The outlook for air cargo over the coming year remains mixed with several factors set to impact performance.Speaking at IATA’s World Cargo Symposium in Istanbul, IATA economist Bojun Wang predicted that air cargo demand was set to decline by 4% this year compared with 2022 levels.

He said that this reflected the ongoing challenging economic environment. Wang pointed out that the International Monetary Fund had recently downgraded its GDP growth outlook for the year to 2.8% from a previous forecast of 2.9%.
This figure also lags behind the 3.4% recorded in 2022 and the historical average of around 3.8%.

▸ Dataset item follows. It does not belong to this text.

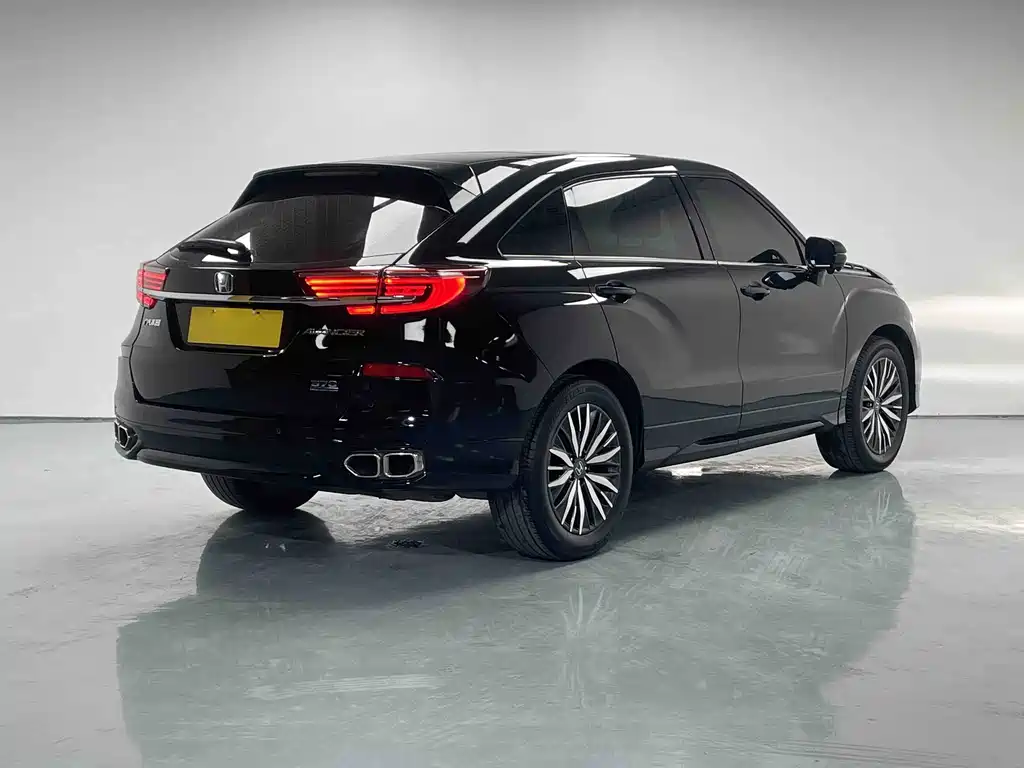 Avancier 370 TURBO 2 WD Luxury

“We had a challenging year in 2022 with the war in Ukraine, a high inflation rate, high oil prices and the Covid-19 pandemic – these headwinds haven’t really gone away in the new year of 2023,” Wang said.
On the other hand, inflation is expected to have peaked in 2022, he said.

Wang added that yields are expected to decline by around 23% this year, following on from a 7% increase last year, a 24% increase in 2021 and a 50% increase in 2020.“23% seems like a big shift but if you look at the growth in 2021, 2022 and 2023, it is just returning from a high level,” he said.

This yield and demand decline will in turn put pressure on air cargo revenues, although they are expected to remain more than 50% above pre-Covid levels.

Looking at IATA’s latest supply and demand figures compared with pre-Covid levels, Wang said that in February demand in cargo ton km terms had increased by 2.9% against the same month in 2019.
Meanwhile, capacity in February was up by 1.3% compared with the same month in 2019.

He said that the increase in supply was driven by the return of belly hold capacity, which now represented 41% of the total capacity in the market, up from 26% last year.
Historically, belly hold has accounted for around 50-60% of the market capacity.

Another trend highlighted by Wang is that air cargo’s competitive advantage over maritime transport has ended as prices in shipping have rapidly declined over recent months.
The high cost of ocean shipping and market disruption had helped push volumes over to airfreight over the last couple of years.

He added that pressure on airline operating costs remained due to elevated jet fuel prices.
“The war in Ukraine is still going to be the dominant factor of the whole picture in 2023,” Wang said of the year ahead.
“We are also expecting to see fuel prices remain at a high level even though it is trending downwards.”

There will also be increased costs related to fighting climate change, Wang said.
“We are committed to net zero by 2050 and the cost related to this transition is inevitable,” he said.